Ford has said SUVs/crossovers and pickups will constitute 90 percent of its North American lineup by 2020. And though only the Mustang and new Focus Active will remain, it plans to add new vehicles going forward that offer better fuel economy and utility, including EVs and hybrids. Hackett characterized the shift not as an abandonment of traditional cars but as a transformation of them.

"We don't want anyone to think we're leaving anything," Hackett said. "We're just moving to a modern version. This is an exciting new generation of vehicles coming from Ford."

It was Hackett's first annual meeting as CEO, and for the second year it was conducted online rather than in person. The change to Ford's lineup is part of Hackett's overall plan to cut $25.2 billion in costs by the year 2022.

Executive Chairman Bill Ford Jr. blamed the negative reaction to the lineup plan on media coverage.

"I wish the coverage had been a little different," he said. "If you got beyond the headline, you'll see we're adding to our product lineup and by 2020 we'll have the freshest showroom in the industry. The headlines look like Ford's retreating. In fact, nothing could be further from the truth."

While Ford was clear about its plans for the Blue Oval, it has been less clear about the Lincoln brand. Hackett on Thursday said only that the Lincoln Continental, re-introduced just two years ago, would continue "through its life cycle" — but it has been such a slow seller that rumor has Ford killing the Continental again after that, and Hackett made no mention of a new generation. Presumably the MKZ sedan will go away when its twin the Ford Fusion does, but although Ford has outlined end dates for other models, the Fusion's departure is open-ended.

The stock price has been a frustration for investors for years and has fallen 12 percent since the first of the year. Bill Ford addressed that sore subject Thursday.

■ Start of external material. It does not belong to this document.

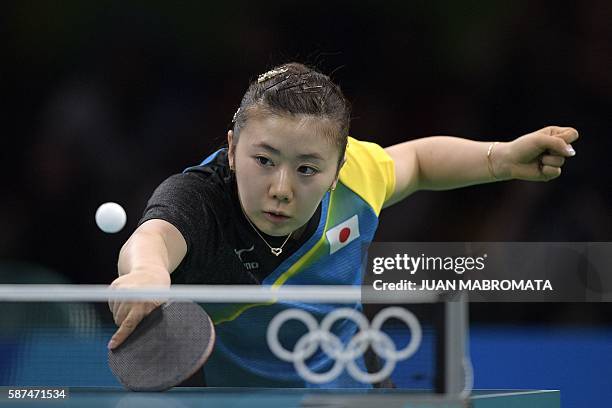 Japan's Ai Fukuhara plays against North Korea's Ri Myong Sun during their women's singles qualification round table tennis match at the Riocentro...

"I share your frustration. The whole management team does," Ford told shareholders. "Look, we want to get the stock price moving. The business can get fitter, and it will get fitter."

Despite overall profitability, Ford's market capitalization of $44 billion trails unprofitable Silicon Valley electric car maker Tesla Inc, which has a market capitalization of $51.3 billion, a reflection of investor doubts that Ford can re-ignite growth.

But shareholders should expect "fairly large" changes in the coming year, Bill Ford told Reuters.

In addition to lineup changes and cost-cutting, Ford still faces questions about lagging performance in certain regions and calls for more details on its restructuring.

"It could be regions, it could be functions, it could be areas of emphasis," Bill Ford said in an interview on Tuesday. "We've done some big things, and we still have some big things to do."

The automaker lost $4 billion in South America from 2013 through the first quarter of this year, and its chief of global operations said in January it was "exploring every option you can imagine."

Analysts have also urged an overhaul of European passenger car operations to help Ford reach its 8 percent pre-tax profit margin goal.

Bill Ford said the automaker will be able to use cost savings to return cash to shareholders, invest in new technology and businesses and fund restructuring."We believe we can take care of all three," he said.

Voters in Thursday's meeting once again rejected an annual attempt to remove the Ford family's special class of shares.

Finally, Ford officials declined to say whether the board of directors, who met this week, had voted to buy and rehabilitate the decrepit and abandoned Michigan Central Station in Detroit's Corktown neighborhood, part of its plans to buy up other properties and create a large creative campus there.

But Automotive News reported that workers in construction vests and hardhats were spotted Thursday inside the fence surrounding the 500,000-square-foot depot.